The team aimed to answer the question “Which are the most valued data science skills?”

Packages needed:

library(tidyverse)
library(stringr)
library(dplyr)
library(ggplot2)
library(knitr)
library(reshape2)
library(RMySQL)
library(wordcloud2)
library(scales)
library(gridExtra)
library(plotly)

##Database Connection While I have the data loaded in a SQL database, we wanted to use the raw data from the GitHub to show some cleaning and tidying skills we learned during class.

# con <- dbConnect(odbc::odbc(), "jbdb", timeout = 10)

skills <- read.csv("https://raw.githubusercontent.com/jonburns2454/Project-3-DATA607/main/ds_general_skills_revised.csv")
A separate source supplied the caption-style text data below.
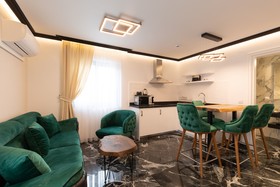 Lazar Lux Apartments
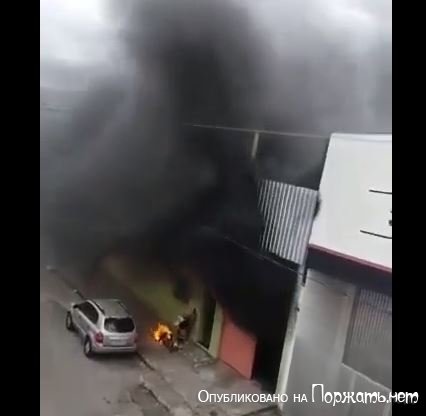 Пожар в заводском помещение 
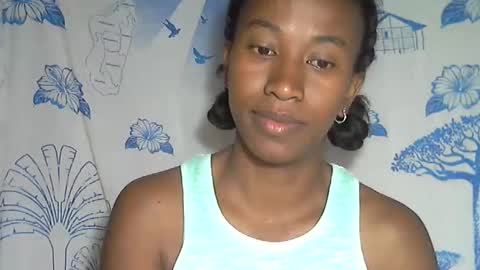 minouch211907 online show from December 18, 2025, 1:00 am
software <- read.csv("https://raw.githubusercontent.com/jonburns2454/Project-3-DATA607/main/Data%20Science%20Career%20Terms%20-%20ds%20software.csv")

glimpse(skills)

## Rows: 30
## Columns: 5
## $ Keyword     <chr> "machine learning", "analysis", "statistics", "computer sc…
## $ LinkedIn    <chr> "5,701", "5,168", "4,893", "4,517", "3,404", "2,605", "1,8…
## $ Indeed      <chr> "3,439", "3,500", "2,992", "2,739", "2,344", "1,961", "1,4…
## $ SimplyHired <chr> "2,561", "2,668", "2,308", "2,093", "1,791", "1,497", "1,1…
## $ Monster     <chr> "2,340", "3,306", "2,399", "1,900", "2,053", "1,815", "1,2…

glimpse(software)

## Rows: 42
## Columns: 12
## $ Keyword                        <chr> "Python", "R", "SQL", "Spark", "Hadoop"…
## $ LinkedIn                       <chr> "6,347", "4,553", "3,879", "2,169", "2,…
## $ Indeed                         <chr> "3,818", "3,106", "2,628", "1,551", "1,…
## $ SimplyHired                    <chr> "2,888", "2,393", "2,056", "1,167", "1,…
## $ Monster                        <chr> "2,544", "2,365", "1,841", "1,062", "1,…
## $ LinkedIn..                     <chr> "74%", "53%", "45%", "25%", "25%", "23%…
## $ Indeed..                       <chr> "74%", "60%", "51%", "30%", "31%", "27%…
## $ SimplyHired..                  <chr> "75%", "62%", "54%", "30%", "30%", "28%…
## $ Monster..                      <chr> "68%", "63%", "49%", "28%", "32%", "27%…
## $ Avg..                          <chr> "73%", "60%", "50%", "29%", "30%", "26%…
## $ GlassDoor.Self.Reported...2017 <chr> "72%", "64%", "51%", "27%", "39%", "33%…
## $ Difference                     <chr> "1%", "-4%", "-1%", "2%", "-9%", "-7%",…

Preliminary Work:

- Checking for missing data
- Cleaning

sum(is.na(skills))## 0

## [1] 0

sum(is.na(software))## 0

## [1] 0

software.cleaned <- software[, -c(6:12)] # Removing the nonessential data columns

software.cleaned <- software.cleaned[-c(38:42), ]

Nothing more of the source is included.